VPNs are supposed to be a secure remote access solution for your customers, but have you done enough to protect them? A VPN’s primary purpose is to is to provide an encrypted tunnel prevent eavesdropping. VPN’s by themselves cannot stop a myriad of cyberattacks into corporate networks that are launched from the remotely connected system.
If you take a moment and think about the recent infiltration of CCleaner, hackers could have easily remotely installed a keylogger to grab usernames and passwords remotely. It has been less than 5 years since both USPS and Target were victims of stolen VPN credentials.
There are additional steps you need to evaluate and deploy to further secure your customer environments:
Enabling 2Factor authentication is one of the strongest protections against compromised credentials, but 2FA won’t stop hackers from surreptitiously attacking the corporate network from the remote computer while the VPN is connected.
Geo Block VPN access
If user credentials are compromised this prevents the use of the VPN from countries other than those you allow. Just remember to keep this list as short as possible.
Use firewall rules to restrict what remote resources are accessible over the VPN. Ideally this would be a situation where only the necessary applications , firewall ports, and remote subnets are opened.
User accounts should be temporarily locked out if there are too many password guesses in a short time period. You should also see if you can setup alerts so that you can review the relevant logs to determine whether this was a brute force attack and possibly export those logs for future reference.
Security services for VPN traffic
Minimally Antivirus scanning and Intrusion Detection should be turned on and scanning all permitted traffic.
Single concurrent tunnel per user
Check and see if the customers firewall supports limiting users to a single concurrent tunnel. This would provide a layer of protection and possibly notification if the user account is being used at two different locations at the same time.

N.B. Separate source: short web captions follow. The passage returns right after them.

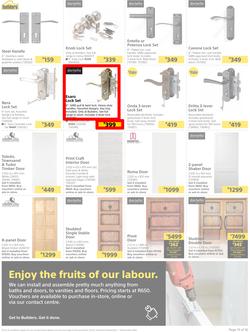 Builders : Here's To Your Summertime Retreat (08 November - 19 December 2022), page 13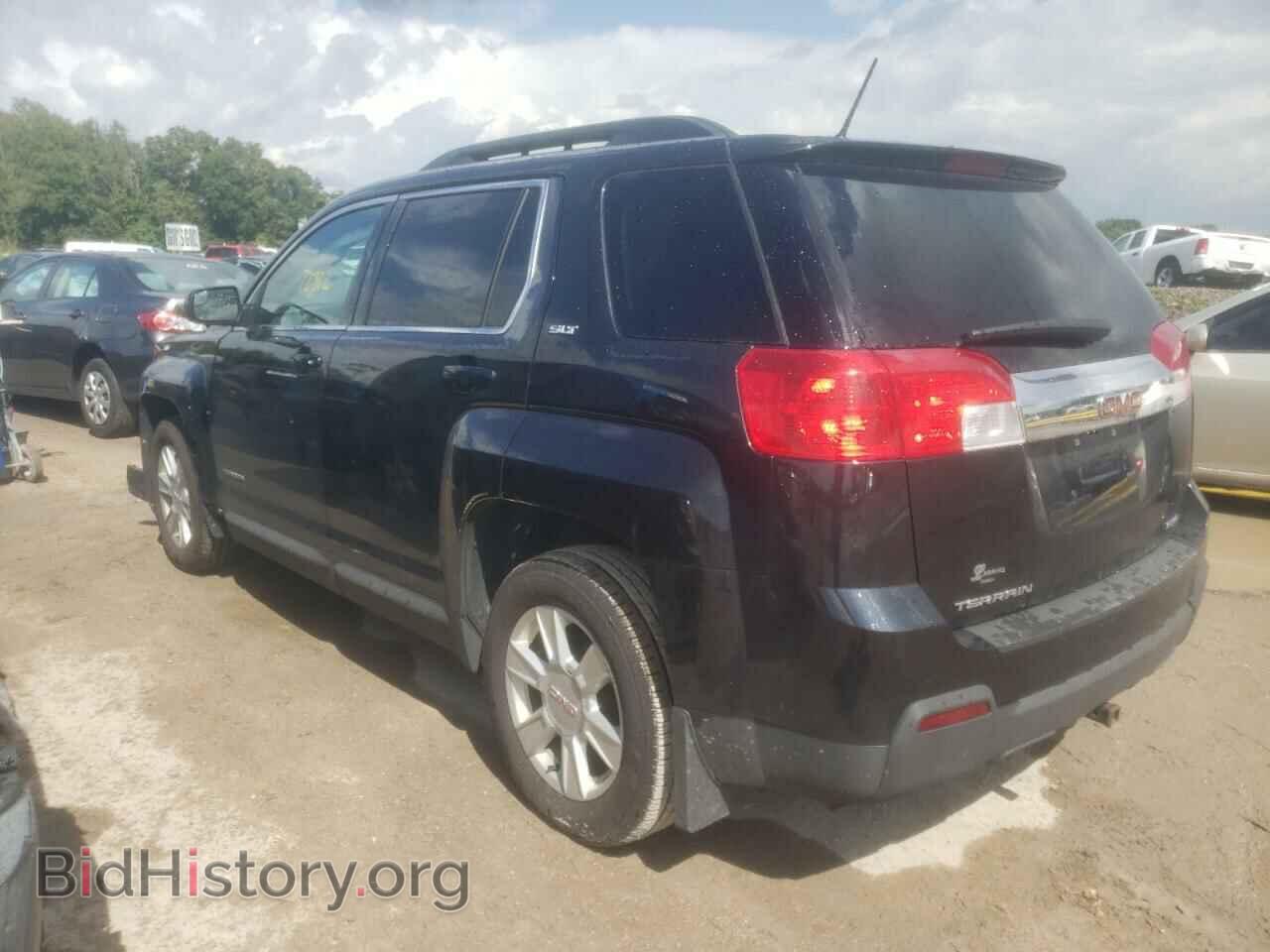 2013 GMC TERRAIN - VIN: 2GKFLVEK2D6234232 - Фото 3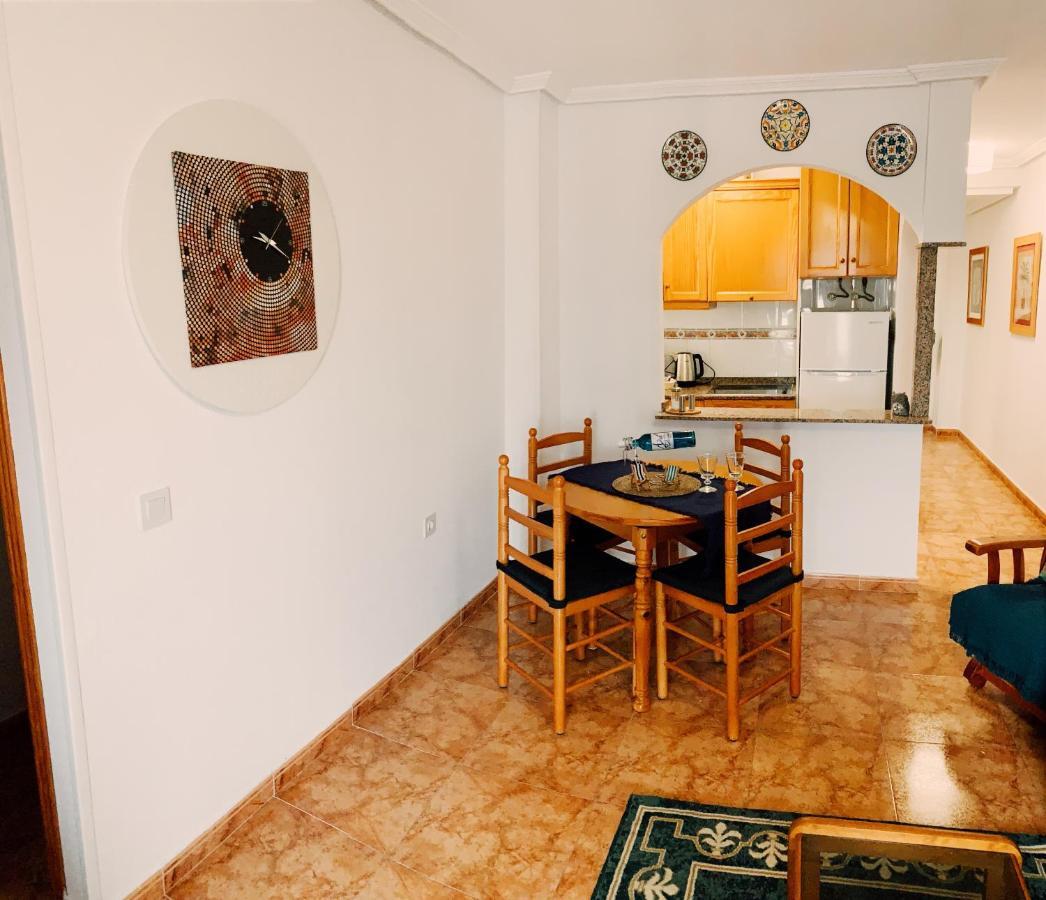 Your Spanish Home Torrevieja Dış mekan fotoğraf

Logs need to be periodically reviewed for the following:
- Unusual day or time of access
Looks for patterns of successful or attempted logins that may be unusual. One example is if a user attempts to login when they are already at the office. Another example is if a user attempts to login during the early morning hours when they may be sleeping.
- IP addresses outside of the United States
Any successful logins from outside the customers home country should raise an immediate red flag for review and confirmation whether it is a legitimate session.
- Analyze successful user logins for different IPs used
Build a list of user ids to public IP mappings so you can build a history of what is normal and determine what may be abnormal.
- Password brute forcing
If you see evidence of brute forcing, then there is a high likelihood the customer may be targeted.
- Indicators of Compromise
IOCs are one or more signs that a system is compromised. This involves combining analytics with investigative techniques to determine what is normal or abnormal. Sometimes this can be as obvious as IDS flagging a system is trying to communicate with a botnet, or an inconspicuous as the remote system trying to talk to a malicious DNS server.
You can automate a number of the log file analytics by having the firewall send logs to a syslog server and into a database. From there a number of scripts can be written to automatically tag IP addresses with GeoIP information as well as accumulate statistical information.
Stay ahead of your competitors by taking the time to do more than they are!